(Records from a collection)
◇ ◇ ◇ ◇ ◇

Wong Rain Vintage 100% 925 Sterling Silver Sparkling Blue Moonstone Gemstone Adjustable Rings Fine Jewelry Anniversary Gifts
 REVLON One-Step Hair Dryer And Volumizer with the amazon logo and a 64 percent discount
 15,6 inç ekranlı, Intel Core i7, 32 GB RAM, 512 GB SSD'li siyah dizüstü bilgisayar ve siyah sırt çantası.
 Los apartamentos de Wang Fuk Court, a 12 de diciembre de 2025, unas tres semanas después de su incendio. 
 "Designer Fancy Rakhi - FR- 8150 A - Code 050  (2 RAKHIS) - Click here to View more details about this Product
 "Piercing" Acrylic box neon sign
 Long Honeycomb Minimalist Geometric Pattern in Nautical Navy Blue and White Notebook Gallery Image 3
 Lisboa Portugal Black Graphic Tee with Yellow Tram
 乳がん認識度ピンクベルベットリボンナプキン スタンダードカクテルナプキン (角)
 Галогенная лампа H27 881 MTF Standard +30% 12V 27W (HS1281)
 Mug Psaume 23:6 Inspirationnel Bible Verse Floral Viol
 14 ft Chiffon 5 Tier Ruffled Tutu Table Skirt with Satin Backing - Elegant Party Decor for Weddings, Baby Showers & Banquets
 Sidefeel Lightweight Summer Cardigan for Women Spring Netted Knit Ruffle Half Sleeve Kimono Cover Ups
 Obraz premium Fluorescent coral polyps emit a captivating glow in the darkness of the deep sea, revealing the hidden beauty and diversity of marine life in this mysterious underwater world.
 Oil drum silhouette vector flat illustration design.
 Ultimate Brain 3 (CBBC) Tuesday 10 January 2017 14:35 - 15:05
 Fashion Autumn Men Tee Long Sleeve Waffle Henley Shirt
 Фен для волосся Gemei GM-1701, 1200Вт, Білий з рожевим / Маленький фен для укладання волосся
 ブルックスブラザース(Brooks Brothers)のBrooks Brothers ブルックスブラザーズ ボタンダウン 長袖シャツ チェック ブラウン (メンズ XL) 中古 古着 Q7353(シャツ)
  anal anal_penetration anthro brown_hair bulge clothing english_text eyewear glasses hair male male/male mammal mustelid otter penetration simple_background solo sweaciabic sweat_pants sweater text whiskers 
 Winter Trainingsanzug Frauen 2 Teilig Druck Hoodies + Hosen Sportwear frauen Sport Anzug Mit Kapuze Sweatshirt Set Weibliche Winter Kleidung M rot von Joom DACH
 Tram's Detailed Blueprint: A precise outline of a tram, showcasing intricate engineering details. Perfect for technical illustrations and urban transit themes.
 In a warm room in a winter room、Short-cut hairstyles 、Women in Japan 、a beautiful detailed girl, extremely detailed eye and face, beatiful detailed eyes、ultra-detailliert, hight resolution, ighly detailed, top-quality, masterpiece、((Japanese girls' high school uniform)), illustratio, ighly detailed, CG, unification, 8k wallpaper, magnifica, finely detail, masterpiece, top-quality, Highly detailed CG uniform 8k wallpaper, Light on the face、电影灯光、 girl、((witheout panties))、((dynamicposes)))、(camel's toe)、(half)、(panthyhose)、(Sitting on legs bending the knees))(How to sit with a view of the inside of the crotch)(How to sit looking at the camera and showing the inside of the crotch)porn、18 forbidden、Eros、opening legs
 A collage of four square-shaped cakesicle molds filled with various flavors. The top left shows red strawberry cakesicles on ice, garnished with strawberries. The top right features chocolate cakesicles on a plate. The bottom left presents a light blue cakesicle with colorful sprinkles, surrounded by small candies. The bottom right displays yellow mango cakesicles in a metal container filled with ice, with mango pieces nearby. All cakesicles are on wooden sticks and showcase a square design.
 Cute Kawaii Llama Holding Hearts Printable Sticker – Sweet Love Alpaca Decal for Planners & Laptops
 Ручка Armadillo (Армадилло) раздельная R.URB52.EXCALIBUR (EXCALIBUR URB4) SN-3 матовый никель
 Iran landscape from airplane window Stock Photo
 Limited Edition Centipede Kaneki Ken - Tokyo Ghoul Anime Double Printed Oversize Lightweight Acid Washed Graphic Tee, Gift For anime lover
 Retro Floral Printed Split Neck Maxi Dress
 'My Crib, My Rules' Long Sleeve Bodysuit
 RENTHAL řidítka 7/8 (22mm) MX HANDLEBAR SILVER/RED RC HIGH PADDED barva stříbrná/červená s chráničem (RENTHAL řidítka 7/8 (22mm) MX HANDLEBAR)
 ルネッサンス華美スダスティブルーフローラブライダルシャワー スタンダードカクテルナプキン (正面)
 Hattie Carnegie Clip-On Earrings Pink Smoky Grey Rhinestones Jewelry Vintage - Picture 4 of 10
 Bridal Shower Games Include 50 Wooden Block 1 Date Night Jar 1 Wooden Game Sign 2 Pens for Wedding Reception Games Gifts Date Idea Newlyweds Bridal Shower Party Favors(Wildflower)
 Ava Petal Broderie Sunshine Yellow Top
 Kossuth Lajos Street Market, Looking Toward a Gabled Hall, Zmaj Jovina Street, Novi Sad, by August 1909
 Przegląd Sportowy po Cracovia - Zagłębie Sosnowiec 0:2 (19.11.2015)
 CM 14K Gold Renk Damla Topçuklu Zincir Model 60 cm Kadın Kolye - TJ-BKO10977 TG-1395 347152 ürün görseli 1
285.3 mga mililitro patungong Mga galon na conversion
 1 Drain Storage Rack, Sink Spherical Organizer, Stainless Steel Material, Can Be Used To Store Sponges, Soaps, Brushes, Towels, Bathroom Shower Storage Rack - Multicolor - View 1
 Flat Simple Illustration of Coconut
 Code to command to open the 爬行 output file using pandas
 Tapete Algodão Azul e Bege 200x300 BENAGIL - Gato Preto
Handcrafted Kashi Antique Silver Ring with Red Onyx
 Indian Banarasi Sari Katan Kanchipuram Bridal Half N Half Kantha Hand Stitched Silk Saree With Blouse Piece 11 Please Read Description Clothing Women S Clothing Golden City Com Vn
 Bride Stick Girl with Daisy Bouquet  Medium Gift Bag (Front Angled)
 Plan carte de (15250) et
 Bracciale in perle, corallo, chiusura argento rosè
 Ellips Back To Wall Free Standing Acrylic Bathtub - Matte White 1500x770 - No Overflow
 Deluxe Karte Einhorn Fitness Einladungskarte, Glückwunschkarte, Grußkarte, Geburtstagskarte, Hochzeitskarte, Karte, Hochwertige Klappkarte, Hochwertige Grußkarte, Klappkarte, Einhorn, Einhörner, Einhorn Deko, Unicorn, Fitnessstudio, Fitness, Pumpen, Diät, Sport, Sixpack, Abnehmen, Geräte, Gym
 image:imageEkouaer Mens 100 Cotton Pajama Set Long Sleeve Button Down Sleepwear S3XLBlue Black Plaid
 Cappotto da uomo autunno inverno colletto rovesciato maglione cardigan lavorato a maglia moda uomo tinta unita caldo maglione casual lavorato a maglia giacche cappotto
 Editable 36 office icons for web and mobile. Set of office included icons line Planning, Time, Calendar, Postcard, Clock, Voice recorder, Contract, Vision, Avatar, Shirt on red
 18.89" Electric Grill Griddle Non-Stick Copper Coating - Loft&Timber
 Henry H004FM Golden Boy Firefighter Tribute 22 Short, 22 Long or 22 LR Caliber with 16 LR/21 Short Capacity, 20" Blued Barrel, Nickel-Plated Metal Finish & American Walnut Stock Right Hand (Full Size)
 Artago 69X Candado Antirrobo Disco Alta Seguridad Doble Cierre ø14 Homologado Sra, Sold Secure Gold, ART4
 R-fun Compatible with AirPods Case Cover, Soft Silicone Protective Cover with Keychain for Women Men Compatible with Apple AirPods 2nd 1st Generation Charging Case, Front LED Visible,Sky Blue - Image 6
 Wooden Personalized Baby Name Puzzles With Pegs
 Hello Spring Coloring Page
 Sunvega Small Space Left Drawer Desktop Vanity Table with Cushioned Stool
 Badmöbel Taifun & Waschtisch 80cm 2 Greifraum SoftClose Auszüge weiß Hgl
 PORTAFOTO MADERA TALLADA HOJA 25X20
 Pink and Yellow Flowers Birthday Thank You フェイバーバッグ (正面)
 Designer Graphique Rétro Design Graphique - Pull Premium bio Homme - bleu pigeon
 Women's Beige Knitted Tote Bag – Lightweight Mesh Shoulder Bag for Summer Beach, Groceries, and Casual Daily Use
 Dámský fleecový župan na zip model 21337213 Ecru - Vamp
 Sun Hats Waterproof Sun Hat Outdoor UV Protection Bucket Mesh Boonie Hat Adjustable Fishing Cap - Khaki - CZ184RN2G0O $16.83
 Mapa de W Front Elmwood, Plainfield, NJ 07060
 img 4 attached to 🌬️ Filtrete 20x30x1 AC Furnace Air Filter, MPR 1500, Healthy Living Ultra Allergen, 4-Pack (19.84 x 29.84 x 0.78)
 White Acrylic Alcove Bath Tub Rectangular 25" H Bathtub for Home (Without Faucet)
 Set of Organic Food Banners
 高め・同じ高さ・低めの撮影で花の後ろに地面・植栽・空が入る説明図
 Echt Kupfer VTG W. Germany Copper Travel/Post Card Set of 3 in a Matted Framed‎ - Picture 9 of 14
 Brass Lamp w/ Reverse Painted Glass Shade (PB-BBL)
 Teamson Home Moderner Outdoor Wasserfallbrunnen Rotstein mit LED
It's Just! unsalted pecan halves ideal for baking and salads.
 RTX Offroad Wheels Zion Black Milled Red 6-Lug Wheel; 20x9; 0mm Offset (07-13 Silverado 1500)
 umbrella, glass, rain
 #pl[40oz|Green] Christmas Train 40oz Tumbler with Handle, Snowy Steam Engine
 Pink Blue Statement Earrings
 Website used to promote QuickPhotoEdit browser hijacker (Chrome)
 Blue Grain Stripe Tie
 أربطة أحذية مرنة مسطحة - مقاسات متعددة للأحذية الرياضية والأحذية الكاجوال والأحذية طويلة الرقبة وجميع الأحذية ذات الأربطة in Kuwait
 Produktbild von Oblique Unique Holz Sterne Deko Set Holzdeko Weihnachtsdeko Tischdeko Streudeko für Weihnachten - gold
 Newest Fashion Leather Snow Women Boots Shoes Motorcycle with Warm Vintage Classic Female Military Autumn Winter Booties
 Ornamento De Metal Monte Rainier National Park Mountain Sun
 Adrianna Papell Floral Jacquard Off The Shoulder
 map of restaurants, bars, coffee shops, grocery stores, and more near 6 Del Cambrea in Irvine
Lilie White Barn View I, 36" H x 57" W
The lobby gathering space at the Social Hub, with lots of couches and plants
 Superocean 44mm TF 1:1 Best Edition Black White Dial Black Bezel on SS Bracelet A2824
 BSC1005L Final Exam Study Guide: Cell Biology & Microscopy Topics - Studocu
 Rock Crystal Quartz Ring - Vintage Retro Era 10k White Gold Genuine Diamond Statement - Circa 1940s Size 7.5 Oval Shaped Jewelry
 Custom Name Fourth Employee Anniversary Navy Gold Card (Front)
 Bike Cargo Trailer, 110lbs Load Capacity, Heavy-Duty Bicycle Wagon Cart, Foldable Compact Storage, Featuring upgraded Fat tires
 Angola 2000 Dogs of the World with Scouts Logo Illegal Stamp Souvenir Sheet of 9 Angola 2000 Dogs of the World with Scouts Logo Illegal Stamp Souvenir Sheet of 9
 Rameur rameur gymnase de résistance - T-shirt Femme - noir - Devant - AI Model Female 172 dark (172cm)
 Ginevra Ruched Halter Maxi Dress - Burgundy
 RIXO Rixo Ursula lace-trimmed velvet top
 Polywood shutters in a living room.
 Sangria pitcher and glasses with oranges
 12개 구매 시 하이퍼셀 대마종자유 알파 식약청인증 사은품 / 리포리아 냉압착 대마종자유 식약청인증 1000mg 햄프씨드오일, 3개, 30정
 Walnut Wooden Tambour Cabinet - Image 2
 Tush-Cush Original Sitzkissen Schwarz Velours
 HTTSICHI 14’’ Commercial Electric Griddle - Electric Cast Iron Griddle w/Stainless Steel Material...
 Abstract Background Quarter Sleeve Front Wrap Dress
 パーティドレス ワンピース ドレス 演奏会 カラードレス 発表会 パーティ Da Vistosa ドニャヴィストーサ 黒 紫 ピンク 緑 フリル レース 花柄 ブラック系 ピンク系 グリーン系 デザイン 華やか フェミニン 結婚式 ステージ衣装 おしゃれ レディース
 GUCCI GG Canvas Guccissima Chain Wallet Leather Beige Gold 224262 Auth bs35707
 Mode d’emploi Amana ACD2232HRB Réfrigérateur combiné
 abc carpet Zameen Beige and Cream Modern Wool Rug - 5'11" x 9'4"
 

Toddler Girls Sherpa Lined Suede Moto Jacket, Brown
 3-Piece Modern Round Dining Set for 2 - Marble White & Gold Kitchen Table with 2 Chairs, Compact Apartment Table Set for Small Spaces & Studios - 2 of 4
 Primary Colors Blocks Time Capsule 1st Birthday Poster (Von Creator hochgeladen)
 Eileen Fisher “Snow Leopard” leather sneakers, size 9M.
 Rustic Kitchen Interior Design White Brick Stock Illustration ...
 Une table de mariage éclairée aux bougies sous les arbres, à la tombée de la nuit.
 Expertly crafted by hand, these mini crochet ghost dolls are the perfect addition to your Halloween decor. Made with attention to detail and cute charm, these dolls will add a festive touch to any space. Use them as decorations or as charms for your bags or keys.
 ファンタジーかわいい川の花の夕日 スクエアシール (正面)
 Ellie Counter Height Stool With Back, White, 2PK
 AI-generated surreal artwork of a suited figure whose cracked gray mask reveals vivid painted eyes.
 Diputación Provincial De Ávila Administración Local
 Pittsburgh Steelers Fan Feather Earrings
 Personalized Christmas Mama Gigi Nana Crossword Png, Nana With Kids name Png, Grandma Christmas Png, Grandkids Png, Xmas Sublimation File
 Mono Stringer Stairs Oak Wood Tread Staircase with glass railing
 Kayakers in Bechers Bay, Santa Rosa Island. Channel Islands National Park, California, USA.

◇ ◇ ◇ ◇ ◇

● Exercise directions: Pick from the records each line that contains the word "Shoulder" and show it.

● Solution to this task:
 Women's Beige Knitted Tote Bag – Lightweight Mesh Shoulder Bag for Summer Beach, Groceries, and Casual Daily Use
 Adrianna Papell Floral Jacquard Off The Shoulder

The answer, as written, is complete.